> YOUR INSTRUCTIONS
Output the entries as they appear, skipping images.

> LISTED RECORDS
■ ■ ■ ■ ■ ■ ■

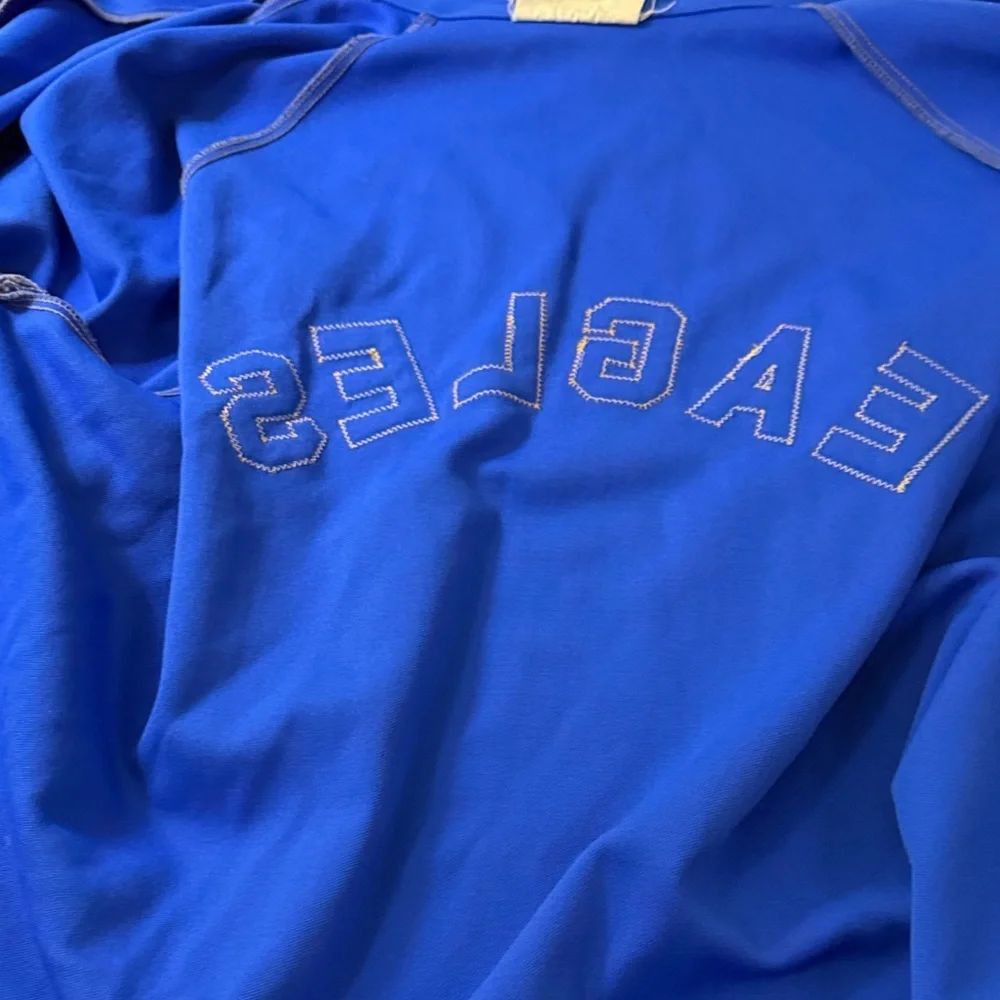 Basketball warm up shirt, Eagles, blue, gold and white, vintage - Picture 9 of 11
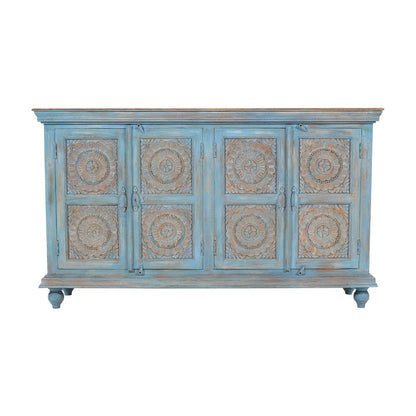 Mango Wood Sideboard Buffet Cabinet with Artisan Carved Doors, Antique Blue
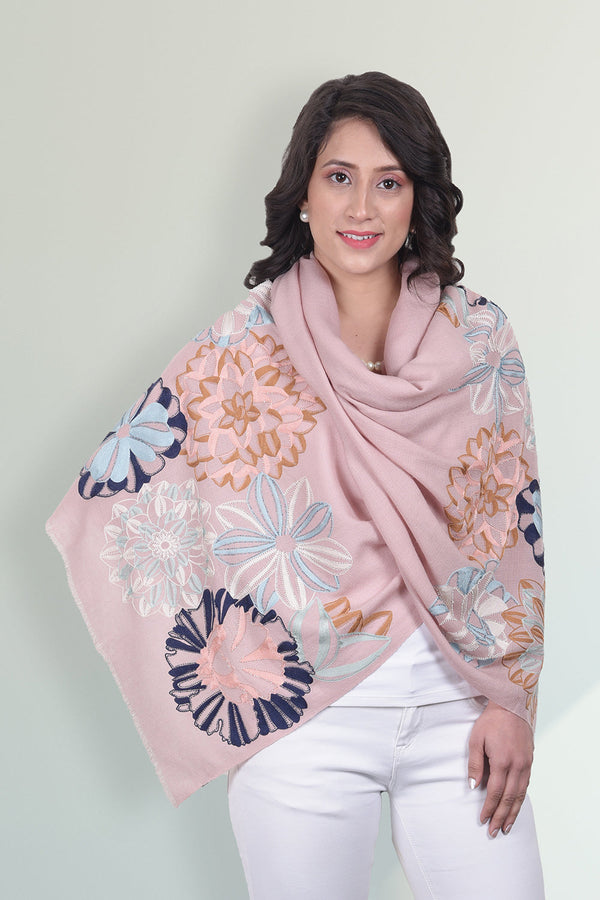 Caribbean Bouquet | Embroidered Fine Merino Wool Stole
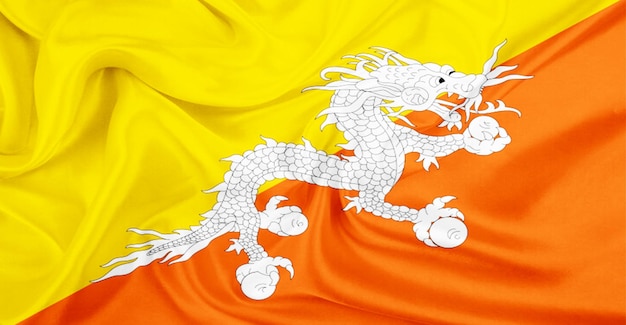 Bhutan Flag Flying In The Wind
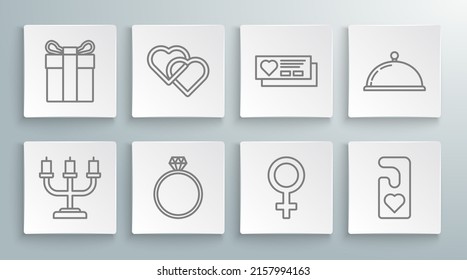Set line Candlestick, Two Linked Hearts, Diamond engagement ring, Female gender symbol, Please do not disturb with heart, Ticket, Covered tray of food and Gift box icon. Vector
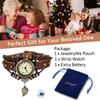 Antique Wristwatch Women Leather Strap Bracelet Watch Braided Leaf Roman Analog Casual Women Accessory Birthday Christmas Valentine's Day Girlfriend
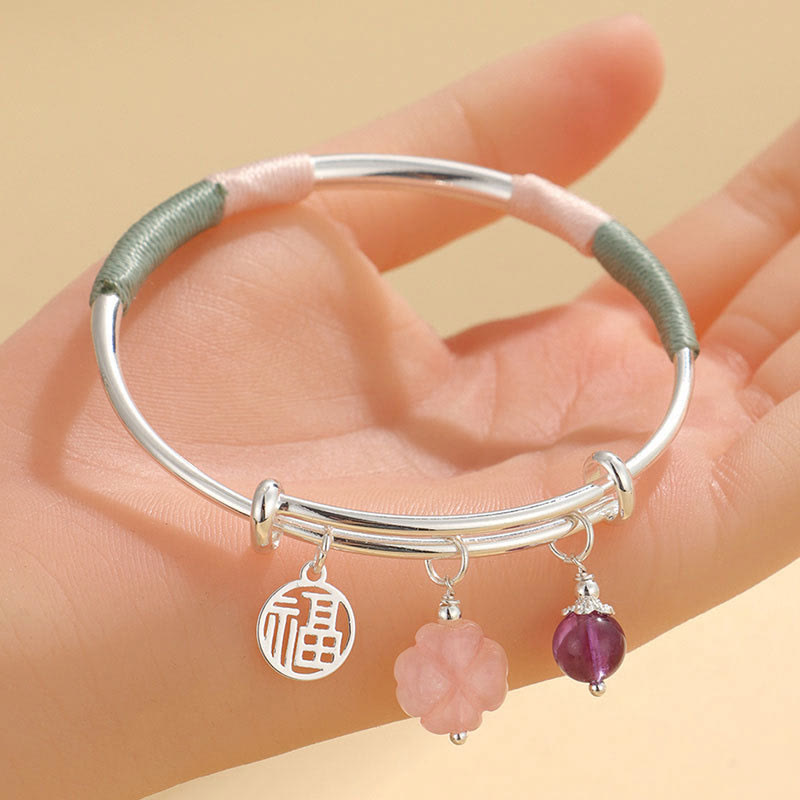 Nimara Ritual Pink Crystal Peace Buckle Lucky Flower Love Bracelet Bangle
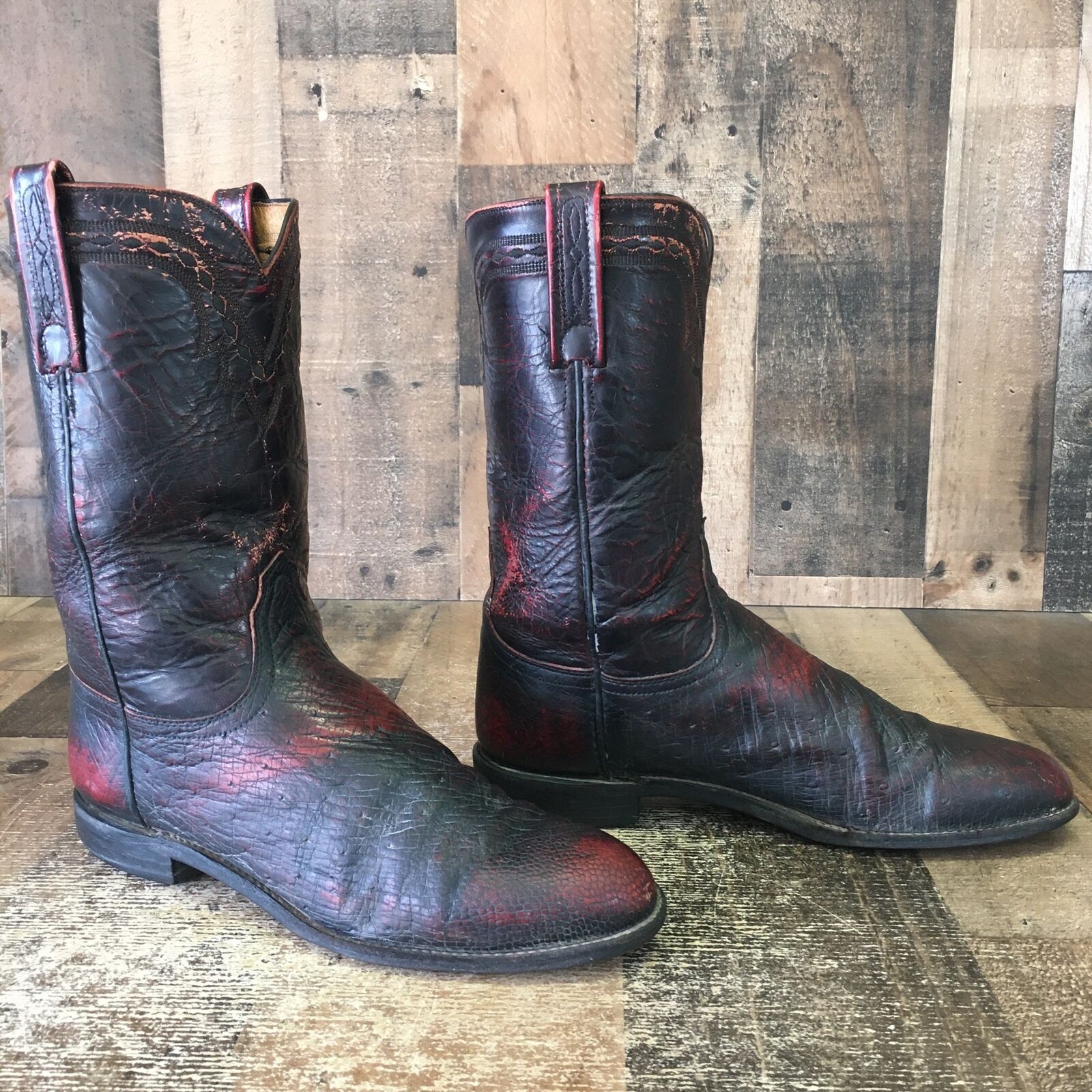 Lucchese 2000 T0075C2 Vtg Black Cherry Smooth Ost… - image 12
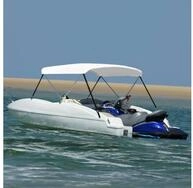 vidaXL Schutzplane 2-Bow Bimini Top Wei&szlig; 180x130x110 cm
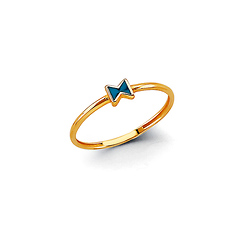 Mini Blue Bow Tie Ring in 14K Yellow God Solid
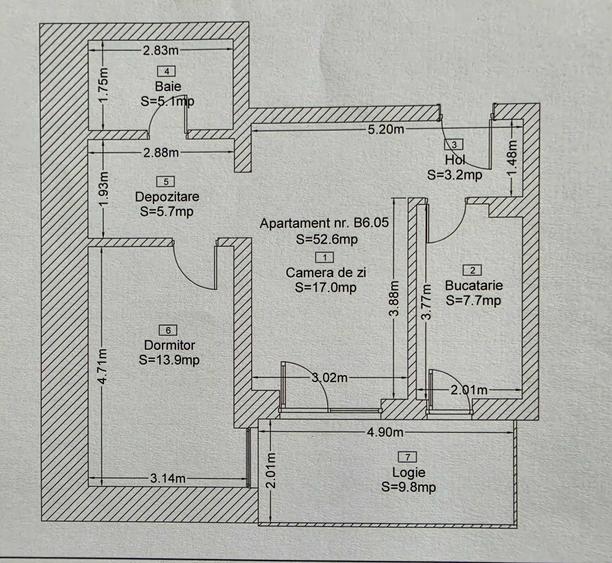 Apartament cu 2 camere semidecomandat în Exterior Vest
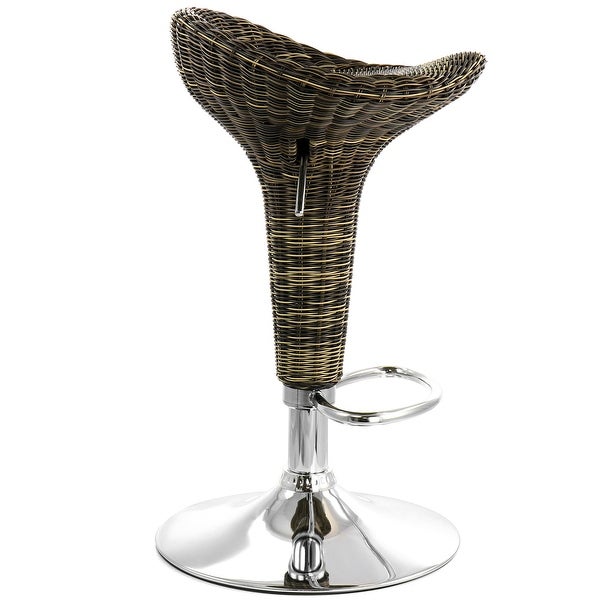 Elama 2 Piece Adjustable Rattan Bar Stool in Brown with Chrome Base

■ ■ ■ ■ ■ ■ ■

> RESULT FOR THIS TASK
 Basketball warm up shirt, Eagles, blue, gold and white, vintage - Picture 9 of 11
 Mango Wood Sideboard Buffet Cabinet with Artisan Carved Doors, Antique Blue
 Caribbean Bouquet | Embroidered Fine Merino Wool Stole
 Bhutan Flag Flying In The Wind
Set line Candlestick, Two Linked Hearts, Diamond engagement ring, Female gender symbol, Please do not disturb with heart, Ticket, Covered tray of food and Gift box icon. Vector
 Antique Wristwatch Women Leather Strap Bracelet Watch Braided Leaf Roman Analog Casual Women Accessory Birthday Christmas Valentine's Day Girlfriend
 Nimara Ritual Pink Crystal Peace Buckle Lucky Flower Love Bracelet Bangle
 Lucchese 2000 T0075C2 Vtg Black Cherry Smooth Ost… - image 12
 vidaXL Schutzplane 2-Bow Bimini Top Wei&szlig; 180x130x110 cm
 Mini Blue Bow Tie Ring in 14K Yellow God Solid
 Apartament cu 2 camere semidecomandat în Exterior Vest
 Elama 2 Piece Adjustable Rattan Bar Stool in Brown with Chrome Base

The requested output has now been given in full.